The John Oliver segment on solitary confinement. Which is torture. See also this video from the Real News Network, where "Mansa Musa, who spent 48 years in prison, talks about what John Oliver’s recent Last Week Tonight segment on solitary confinement gets right and what it leaves out, including the fact that solitary was used to isolate Black Panthers and other radicals entering the prison system in the ’70s."
"When I got locked up and I went into Maryland Penitentiary in ’73, they had what they called the hole, and the hole would have been consistent with the concept of solitary or isolation, because they basically had made about four or five cells and they would isolate people in them that they deemed to be unruly. But overall, you had punitive segregation, which was you stayed locked in your cell, but you was in an environment where you had access to people, you could talk to the person in the cell next to you.
But when solitary confinement reemerged, when they started locking up radical elements, the Black Panthers, the Weathermen, Puerto Rican nationalists, anybody who was fighting, anybody who was antiestablishment, anybody who would stand up for human rights and self-determination, that’s when it became a tool, a mechanism to suppress that. This massive prison population exists and in its existence it creates a threat. The threat being the potential for organization, and organizing to combat and fight fascism, racism."
— Mansa Musa
"John Oliver and his team of writers talk about the reemergence of solitary in the 1980s, coinciding with the explosion of the prison population. So we’re entering the age of mass incarceration, more people are coming into the prisons, and the way that they explain it is that there’s overcrowding, there’s fighting, and then solitary emerges as this punitive weapon to try to get this prison population under control.

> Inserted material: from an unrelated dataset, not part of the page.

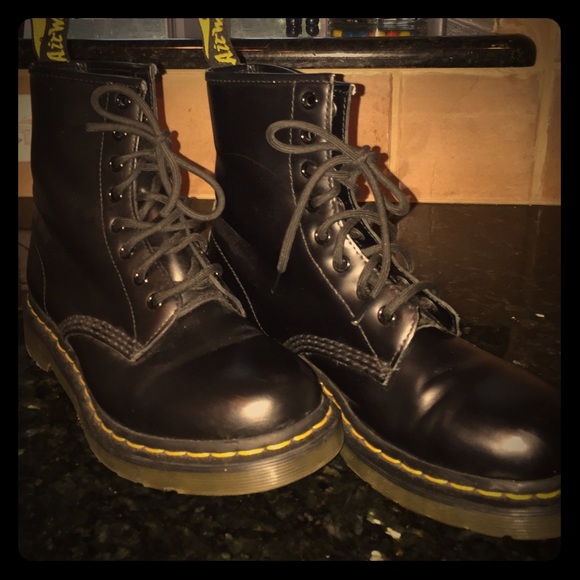 Docs / Dr.Martens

But what you’ve added to the conversation is that, you, like our dearly departed brother Eddie Conway, like so many other radicals that we’ve talked to on this show, knew they were targeted for solitary confinement because they are these radical elements coming in, they’re going to organize, they’re going to talk to other inmates, they’re going to build and develop that revolutionary consciousness.
So for a prison warden, they’re like, “Well, we don’t want that, so let’s just isolate these guys.” That was a really crucial additional context to the John Oliver segment. I just wanted to clarify for folks watching and listening, like you said, before solitary really became the weapon of choice in the prison system, there were other proto mechanisms for isolating, proto solitary confinement mechanisms."
"Albert Woodfox, another lifelong activist and Black Panther, was incarcerated after being wrongfully imprisoned for over 40 years, spent over 44 years in solitary confinement in Angola, was released I believe in 2016, and died only a few years after that. Just the thought of 44 years in solitary confinement breaks my brain a bit."